I cannot definitively speak for the whole industry and my badge as a five-year veteran might not be strong enough for some of the 30- and 40-year financial and credit experts in Mexico. But one thing I can do is to be humble enough to recognize when we fail and to dream about the solutions, avoiding the myopia of the big opportunities in front of us and the needs of a market hungry for a good, fast and competitive product that meets their daily needs.

Consider this as a mea culpa, and a pledge to continue challenging ourselves until we get it right. Here I go:

Mixed incomes: Financial institutions love employees with bi-weekly income flow that reduces the uncertainty and makes the credit team sleep peacefully at night. Even more, in Mexico, we have a huge payroll lending industry where the companies withhold the payments with almost 100 percent repayments.

But Mexico is different. There is a significant population that, requiring a bigger family income, have a secondary income, selling through catalogs or even having a small family business. We usually do not consider that income formally since we consider it variable and not sustainable. What can be more sustainable than to need that income? We definitely need to evolve and view the income profile more holistically. 

Gig economy: The incursion in Mexico of ride-sharing platforms, groceries or food delivery apps and more has jump-started what it is called the “gig economy,” a part-time job that completes the expected personal income that for unemployed people became the tool for the breadwinner to make a living for her/himself and her/his family. 

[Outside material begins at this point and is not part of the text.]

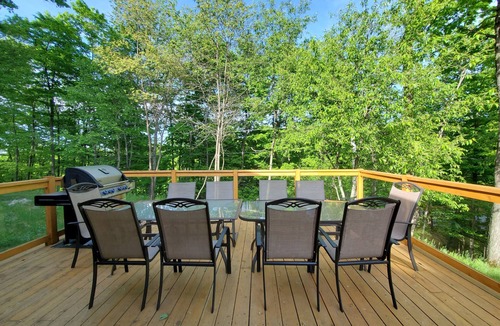 Lake of Bays Cottage | Beautiful Cottage Retreat in Huntsville, Muskoka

Unofficial numbers suggest up to 2 million people in Mexico are working full or part-time with these platforms. This is where the challenge starts: most of them do not have bank accounts or a credit history. How do you make a proper assessment to provide them with fair, quality financial products? “They are high risk since their jobs are volatile,” credit execs could say. Wrong. I believe they are hidden gems for the financial system who are fully committed to their incomes. I’ve starting to see some fintech companies, especially neobanks, looking to provide basic financial services, but there’s still long way to go.

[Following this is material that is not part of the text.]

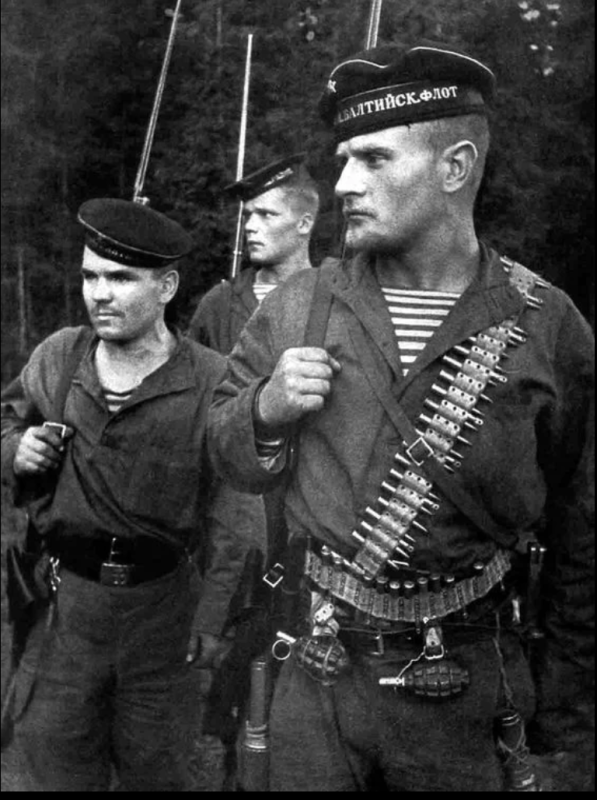 Fotografie z článku „Nenávist ovládá pobaltské námořníky“ v novinách „Leningradskaja Pravda“, autoři V. Kočetov a M. Michaljov, 194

Thin files, no credit history (students): This might be an urban legend but I heard a few years back that one of the multinational banks that operate in Mexico had a credit rule that it would never be the first institution to provide a credit card to an individual. “We want other institutions to run the risk before us.” Sounds pretty credible to me. 

There are around 5 million college students in Mexico and if you add up the “thin files” (people with slim credit history records), the number could hover around 10 million. The stubbornness of assessing people with no credit history with credit history tools seems just dumb. 

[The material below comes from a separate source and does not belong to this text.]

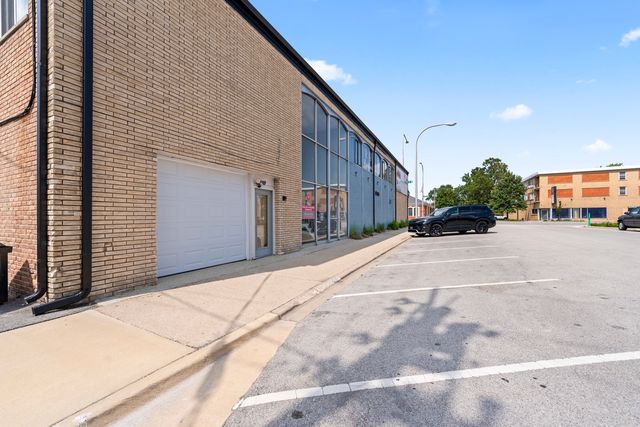 3833 W 95TH Street, Evergreen Park, IL 60805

Now there seems to be a new wave of ideas and tools to predict the payment performance of those individuals: psychometric assessments and mobile scraping apps, among others, are starting to be used in testing to try to crack this interesting market. Would you let an app read sections of your smartphone in order to find clues to assess you and give you a credit product? “No way!” some will answer. But those same people have agreed to let other apps read that information already, with no clear benefit for the user. Something to think about.

Changing gears, I would like to state how extremely proud I am of what we have accomplished in Mexico and the invaluable contribution of all my colleagues in Creditea. It might sound like a cliché, but every week we look to slightly improve our processes, products and interaction with our customers, who are truly the reason we are here. We might never get it perfect but I am sure that if we continue listening, reflecting and acting vigorously, we will get closer and closer to that perfection.

But hey, we have just lent 1,000,000,000 pesos in Mexico. Still a lot to learn and evolve.